## [Task statement]
Print out the data precisely as it appears here, with no pictures.

## [Supplied data]
******

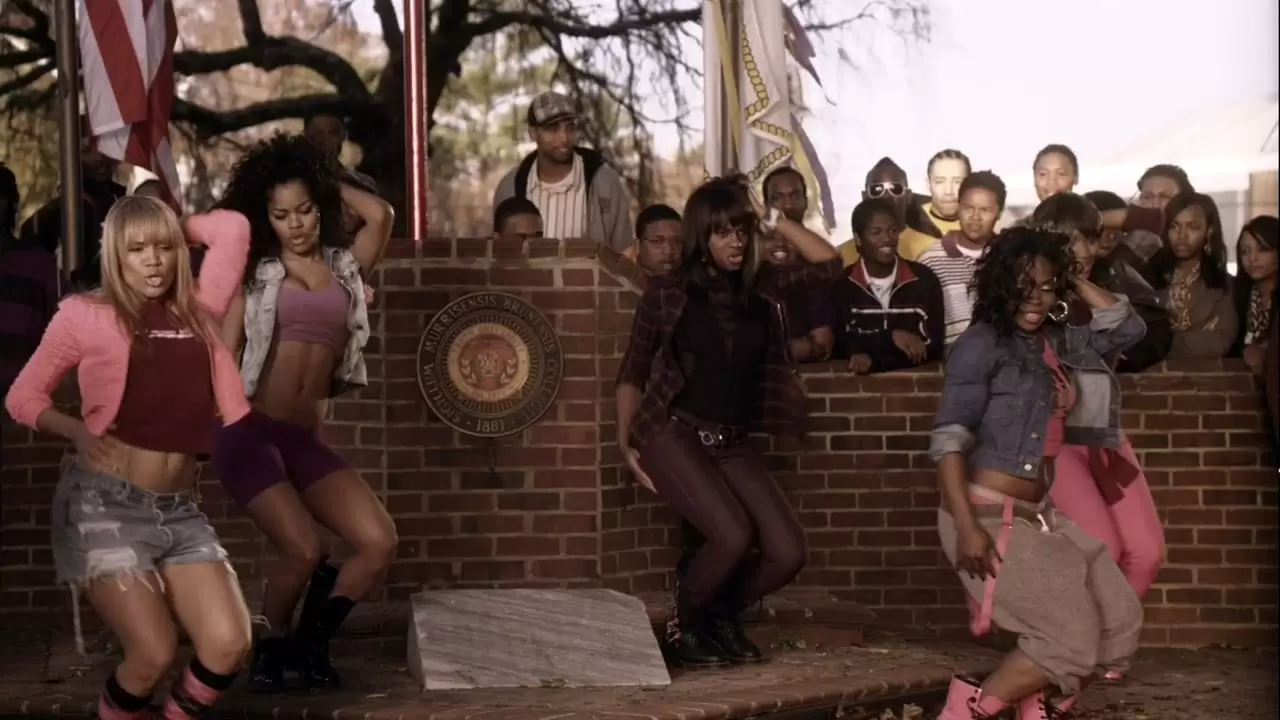 Stomp the Yard 2: Homecoming Backdrop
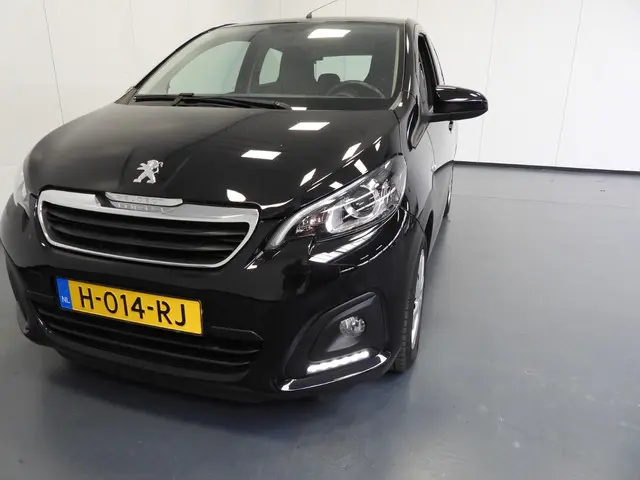 Peugeot 108 1.0 e-VTi Active 2020 Benzine 22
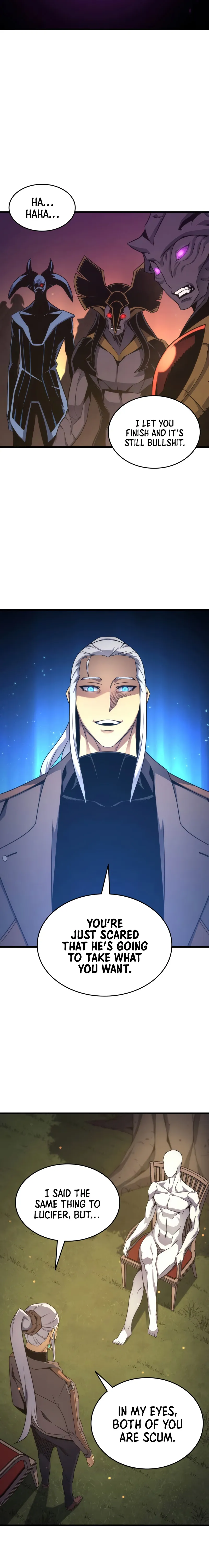 The Great Mage Returns After 4000 Years Chapter 178 - page 16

******

## [Task output]
 Stomp the Yard 2: Homecoming Backdrop
 Peugeot 108 1.0 e-VTi Active 2020 Benzine 22
 The Great Mage Returns After 4000 Years Chapter 178 - page 16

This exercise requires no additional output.